En la lengua que hablaba Jesús

Católicos huidos de Mosul. Foto: Allen Kakony / Aleteia.
Tendemos a simplificar el mundo árabe identificándolo con el Islam. Pero conviene recordar que ni todos los árabes son musulmanes, ni todos los musulmanes son árabes. De hecho el país con mayor número de musulmanes en el mundo es Indonesia, que no tiene población árabe. Lo mismo cabe decir de la religión de los árabes, que aunque mayoritamente sea el Islam, no es, ni es deseable que sea, exclusiva. Mucho antes de que naciera el Islam, en el siglo VII, ya existían muchas comunidades árabes cristianas. Las más significativas, sin duda, las que vivían en la tierra que recorrió Jesucristo, en Palestina o en el actual Líbano, o las que predicaron los primeros cristianos, desde Siria (recordemos que fue en la Antioquía siria donde primero se llamó cristianos a los seguidores de Jesús), hasta Caldea o Persia.

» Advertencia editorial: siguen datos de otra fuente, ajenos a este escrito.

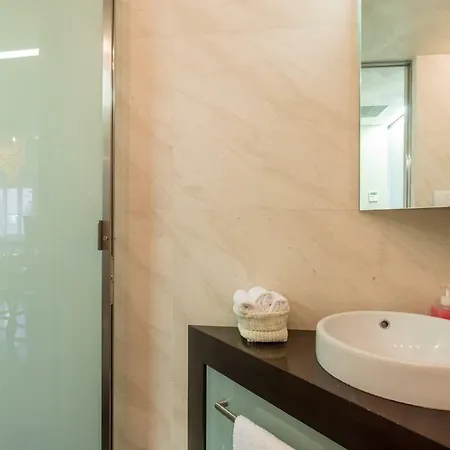 Apartment Design *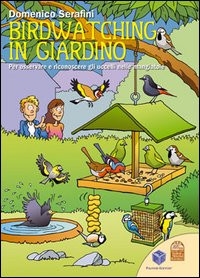 BIRDWATCHING IN GIARDINO
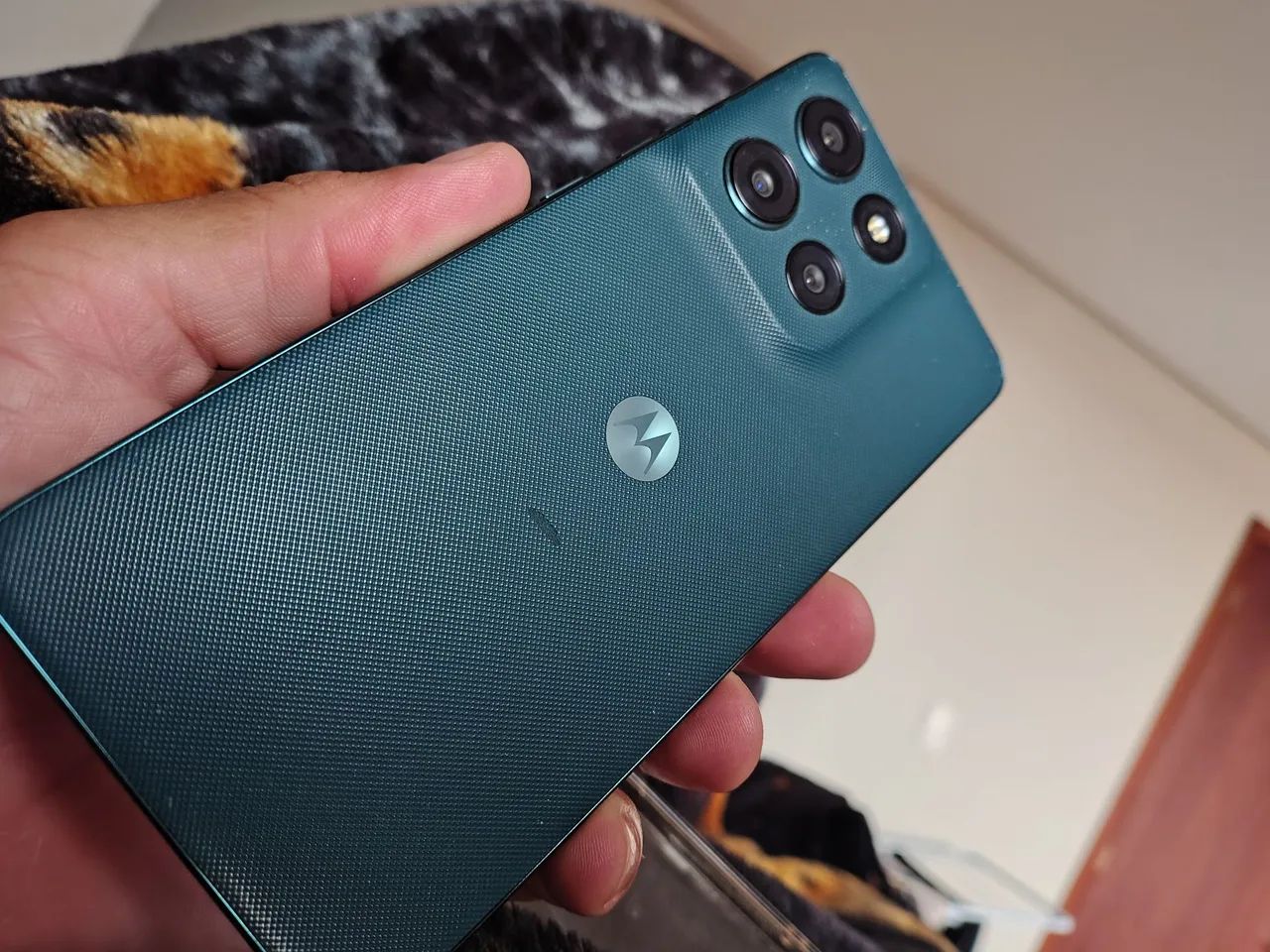 Moto G86 512Gb - Foto 2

La desastrosa guerra de Irak, iniciada tras una sarta de medias verdades y marcadas incoherencias, se ha cobrado ya muchas vidas, mucho dolor, en un país que fue referencia de estabilidad y cierto desarrollo en la región. Hoy contemplamos una consecuencia más de esa cadena de desastres que una guerra desencadena: la división práctica del país y la tremenda persecución de la minoría cristiana, arrollada por un nuevo movimiento fanático musulmán, que domina la tercera parte del país.
Los cristianos caldeos de Irak son tan antiguos como el mismo cristianismo, discípulos de los primeros discípulos de Jesús. De hecho, utilizan en su liturgia el arameo, la lengua en que hablaba Jesús. Originariamente procedentes de la histórica Asiria, una extensión de la actual Siria, estaban muy extendidos en el Noroeste de Irak, en el área de influencia de la ciudad de Mosul, donde reside uno de los obispos caldeos-católicos. Tras varios siglos de escisión de origen Nestoriano, retornaron a la Iglesia Católica en el s. XVI, y forman parte de las llamadas iglesias católicas orientales, en el marco de lo que ahora se denomina patriarcado de Babilonia.
Aunque históricamente han sufrido distintas persecuciones, el número de católicos caldeos era muy relevante hasta el inicio de la guerra de 2003, calculándose en torno a 1.4 millones. Actualmente se estima que pueden quedar unos 500.000, ya que muchos han emigrado a otros países, principalmente Canadá, Australia y EE.UU. La violencia contra los cristianos de Irak no ha cesado en los últimos años, principalmente por parte de las milicias extramistas musulmanas, tanto sunies como chiies. El asalto a la catedral de Bagdag en 2010 o el secuestro y asesinato del arzobispo de Mosul Paulos Faraj Rahho en 2008, se consideraron por algunos acciones aisladas, pero escondían un verdadero genocidio silencioso. Ahora ha dejado de ser silencioso en la región del país que controlan las milicias del Estado Islámico, en donde han impuesto la conversión forzosa o la marcha. ¿Qué hacemos los cristianos occidentales para apoyar a esos hermanos mayores que hablan en la lengua que hablaba Jesús? Al menos, rezar por ellos, como nos pedía recientemente el obispo de Bagdag, conocer su historia, hablar de ellos.